Was this just some innocent ramblings of a child or something more? I had flashes of the “black doll/white doll” experiments in my head and wondered if that was in fact what was going on.
“Why do you like Cinderella?” I ask.
“Because she’s pretty.”
“Is Princess Tiana pretty?”
“Yeah, she’s pretty, too.”
“So wouldn’t you want to be like Princess Tiana?”
“No, I want to be Cinderella.”
Hmm…ok.I personally liked The Princess and the Frog because it was about a woman who had a dream of opening a restaurant. She worked hard and wished on a couple stars, and finally got that restaurant, along with the man of her dreams. Cinderella, on the other hand, was mistreated by everyone she knew and was pursued by a dude who wouldn’t have even known what she looked like if she didn’t leave that glass slipper behind. But of course, my daughter is 4 and isn’t thinking of the nuances of the movie. She just enjoys a good story. Plus, Tiana spent most of the movie as a frog. Nothing too princess-y about that.
Again, I had to circle back. When did she even see Cinderella? I asked her.
Turns out, it was during an episode of the PBS Kids show, Super Why. In that episode, Cinderella wanted to go to the ball but didn’t have a ball gown or a fancy carriage, so her friends told her to just be herself and go without one. Wow. Maybe I ought to give my daughter more credit. She’s already soaking up more than I thought she would have.
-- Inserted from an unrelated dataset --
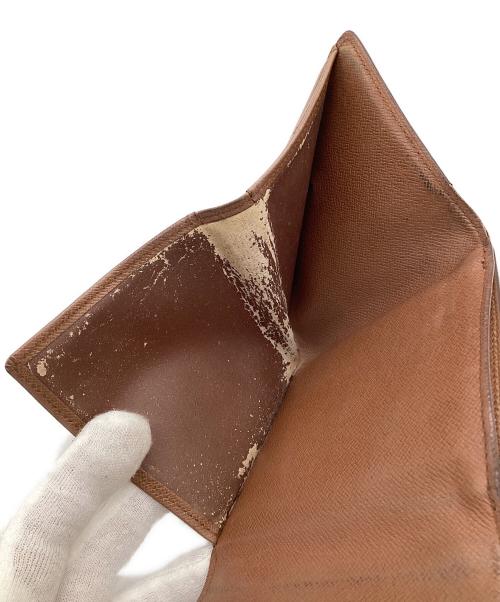 LOUIS VUITTON（ルイ ヴィトン）LOUIS VUITTON (ルイ ヴィトン) モノグラム ポルトモネ・ビエ カルトクレディの古着・服飾アイテム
Even still, I used that conversation as a jumping off point to reinforce what I already tell my daughter: That beauty is in the eye of the beholder and there is no law saying that anyone is automatically more beautiful than anyone else. Brown skin is beautiful; thick, curly hair is beautiful; deep brown eyes are beautiful.
I also make it a point to tell her that being smart, considerate and passionate about your dreams will get you very far in life. (Something that Princess Tiana had in abundance. I’m just sayin’.)
I’ve never discouraged her from playing “princess” or watching princess movies, but I also pay attention to the underlying themes within. I try to expose her to a variety of media images that I’ve carefully selected. Women who are strong, intelligent, kind, compassionate””those are the images I want my daughter to be inundated with. I guess I sit somewhere on the fence when it comes to the “princess culture.”
Do you think fantasizing about being a princess is harmful or just plain innocent fun?